Words Matter by Sarah
Every camper was required to select a different literature elective and my choice was “Words Matter”. “Words Matter” discusses the many reasons behind why an author uses a specific word and talks about word choice. This class allows campers to dissect poems, in order to find deeper meanings behind them. The campers also discuss how the poems sound with different words or translations.
Shakespeare and film with Zara Wilson
The lights dim. The speakers roar. It’s time to assert yourself into sixteen century Britain. We begin this literature elective with a brief summary of the play we will watch in film formation. Then we make elaborate predictions of how the story will be portrayed on screen. After each scene we discuss how the small details and acting orchestrate and develop the story. We then compare this the same scene of the play in a different version of the movie. Everyone has different opinions on which versions are the most profound. The point of the class is to see the clashing versions of films and decide what stylistic productions appeal to you so you can make more educated decisions when choosing what you want to watch.
Free Time by Rachel
There are many different activities scheduled into each day at Great Books. “Free time” is a nice hour in the afternoon for campers, since there are plenty of activities to partake in. You could walk into town with friends to get a snack, stop in CVS for some dorm essentials, and just hang out.
The Amherst Book Store is another place in town frequented by campers, looking for more great books to read of course. Field games are another fun free time activity. Campers can be found playing soccer or throwing around a frisbee in the quad between Morrow and Morris Pratt.

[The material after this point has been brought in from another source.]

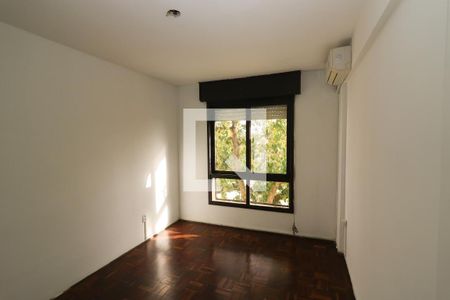 Quarto 1 de apartamento à venda com 2 quartos, 68m² em Nonoai, Porto Alegre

On Tuesdays and Thursdays, when a lifeguard is present, the Amherst pool is open to Great Books for an afternoon swim. Great Books also has access to Amherst’s gym, where campers can spend their free time using gym equipment and machines, lifting weights, running on a treadmill, or biking on an elliptical. And if you’re not feeling any of that and want some down time during this hour, you can hang out in the common area or play indoor games. Jenga is a popular one.
Social Events by Sarah
Every night after pod readings, there are different activities for all campers to participate in. The events allow the campers to mingle and get to know others outside of their pod. The evening events ranged from playing games, such as Ring of Fire, to listening to a guest speaker describe their life as an author. On the first night of camp, Sunday, campers and pod assistants played a game of “Where the West Wind Blows” on the quad, in order to get to know a little about each other. On Monday night, there was sword fighting in the quad followed by an ice cream social in the common room of the dorm. Both the game and ice cream allowed campers to get to know each other and those outside of their pods. Tuesday night, there was a screening of the movie Inception, which tied into the theme of the week, dreams and responsibility. Wednesday night, there was a guest speaker who described the writing process and how her life has changed since her book has been released. Thursday night, the traditional dance took place which allowed for the intermediate and senior classes to socialize and have a great time together.